Does this rebuttal render reciprocity more likely? We think it does. My hope is that organizations will enhance their ethical contributions to human well-being more broadly, by better enabling the four sources of good, and by more-fully embracing plural business objectives. This “built-in reciprocity,” in turn, will allow stakeholders, including society, to better harness the power of business for good.

[1] Phillips, R. 2003. Stakeholder Theory and Organizational Ethics. San Francisco, CA: Berrett-Koehler, pp. 1, 92.

[2] Freeman, R. E. 1984. Strategic Management: A Stakeholder Approach. Boston, MA: Pitman.

[3] In Agle, et al., 2008 Toward superior stakeholder theory. Business Ethics Quarterly 18(2): pp. 153-190.

[4] Ibid.

[5] Sen, A. 1987. On Ethics and Economics. Oxford: B. Blackwell.

[6] Barney, J. B. 2016. Why strategic management scholars must adopt a stakeholder perspective. Unpublished manuscript presented at the 2016 International Association for Business and Society Annual Meeting, Park City, UT, June 17, 2016.
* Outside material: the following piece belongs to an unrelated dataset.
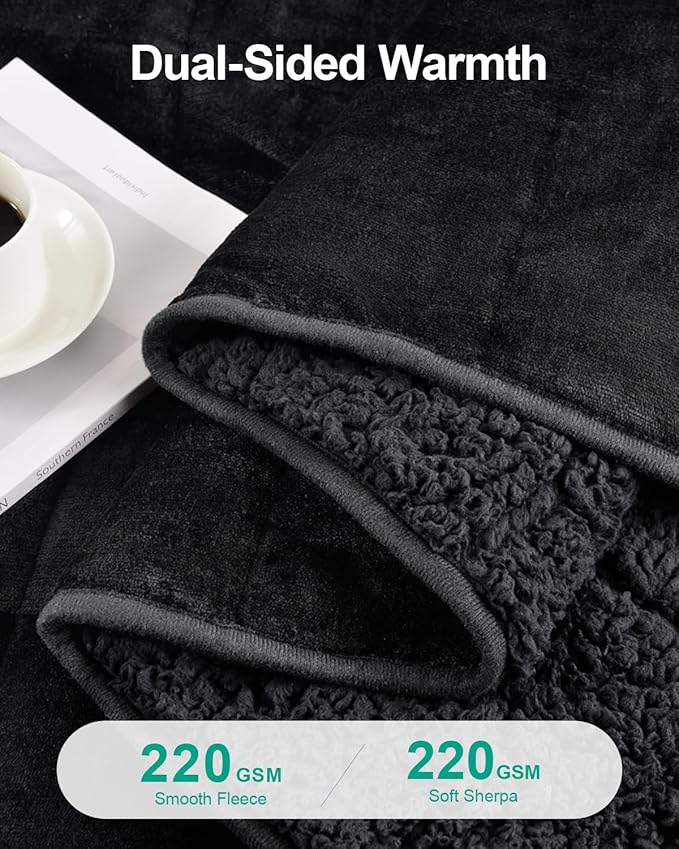 Super Fuzzy Soft Sherpa Fleece Weighted Blanket, 20 lbs Dual Sided Fluffy Heavy Weighted Blankets for Adults - No Bunching with Double Layers of Soft Inner Lining (60"x 80", 20 Pounds)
[7] Bailey, A. D. 2009. Refining the principle of who or what really counts (and why): Seeking a rationally coherent ethical theory as a better foundation for a stakeholder theory of the firm: p. 162. Dissertation. Lubbock, TX: Texas Tech University.

[8] Railton, P. 1984. Alienation, Consequentialism, and the Demands of Morality. Philosophy and Public Affairs 13 (2):134-171, p. 149.

[9] Kagan, S. 1988. The Additive Fallacy. Ethics 99 (1): 5-31, p. 62. See also Bailey, 2009.

[10] Friedman, Milton. 1970. The Social Responsibility of Business is to Increase Its Profits. The New York Times Magazine, September 13, pp. 32-33, 122, 126.

[11] Diamond, J. Collapse: How Societies Chose to Fail or Succeed. New York: Penguin, pp. 36, 38.

[12] Jensen, M. C. 2002. Value maximization, stakeholder theory, and the corporate objective function. Business Ethics Quarterly, 12: 235-256, p. 237.

[13] Mitchell, R. K., Weaver, G. R., Agle B. R., Bailey, A. D., Carlson, J. 2016. Stakeholder agency and social welfare: Pluralism and decision making in the multi-objective corporation . Academy of Management Review, 41(2): 252-275, p. 252.